◆ PROBLEM STATEMENT: From the line with "Kochen hausgemachten Kuchen." through the final line of the entries below, write out each line exactly and nothing else.

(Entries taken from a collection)
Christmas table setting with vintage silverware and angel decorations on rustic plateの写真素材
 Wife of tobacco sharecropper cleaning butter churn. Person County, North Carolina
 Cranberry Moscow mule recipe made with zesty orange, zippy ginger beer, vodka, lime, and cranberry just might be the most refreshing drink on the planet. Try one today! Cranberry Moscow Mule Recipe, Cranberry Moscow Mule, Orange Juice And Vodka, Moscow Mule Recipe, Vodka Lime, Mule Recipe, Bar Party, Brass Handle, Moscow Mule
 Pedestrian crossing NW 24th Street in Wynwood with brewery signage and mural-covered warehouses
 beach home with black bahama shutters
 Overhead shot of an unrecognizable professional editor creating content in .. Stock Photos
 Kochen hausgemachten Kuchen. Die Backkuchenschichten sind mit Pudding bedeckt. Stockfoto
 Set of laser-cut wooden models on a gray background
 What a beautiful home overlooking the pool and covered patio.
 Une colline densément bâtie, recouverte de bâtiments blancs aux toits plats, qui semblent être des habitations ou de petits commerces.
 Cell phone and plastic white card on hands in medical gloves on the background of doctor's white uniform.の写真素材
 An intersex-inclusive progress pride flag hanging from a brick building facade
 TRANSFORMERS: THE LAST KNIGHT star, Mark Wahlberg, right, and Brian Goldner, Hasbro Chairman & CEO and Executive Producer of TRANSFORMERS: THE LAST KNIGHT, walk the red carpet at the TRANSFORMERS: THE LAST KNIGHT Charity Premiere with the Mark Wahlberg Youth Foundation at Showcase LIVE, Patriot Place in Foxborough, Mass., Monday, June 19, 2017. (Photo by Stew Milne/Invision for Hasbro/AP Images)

◆ EXERCISE ANSWER:
 Kochen hausgemachten Kuchen. Die Backkuchenschichten sind mit Pudding bedeckt. Stockfoto
 Set of laser-cut wooden models on a gray background
 What a beautiful home overlooking the pool and covered patio.
 Une colline densément bâtie, recouverte de bâtiments blancs aux toits plats, qui semblent être des habitations ou de petits commerces.
 Cell phone and plastic white card on hands in medical gloves on the background of doctor's white uniform.の写真素材
 An intersex-inclusive progress pride flag hanging from a brick building facade
 TRANSFORMERS: THE LAST KNIGHT star, Mark Wahlberg, right, and Brian Goldner, Hasbro Chairman & CEO and Executive Producer of TRANSFORMERS: THE LAST KNIGHT, walk the red carpet at the TRANSFORMERS: THE LAST KNIGHT Charity Premiere with the Mark Wahlberg Youth Foundation at Showcase LIVE, Patriot Place in Foxborough, Mass., Monday, June 19, 2017. (Photo by Stew Milne/Invision for Hasbro/AP Images)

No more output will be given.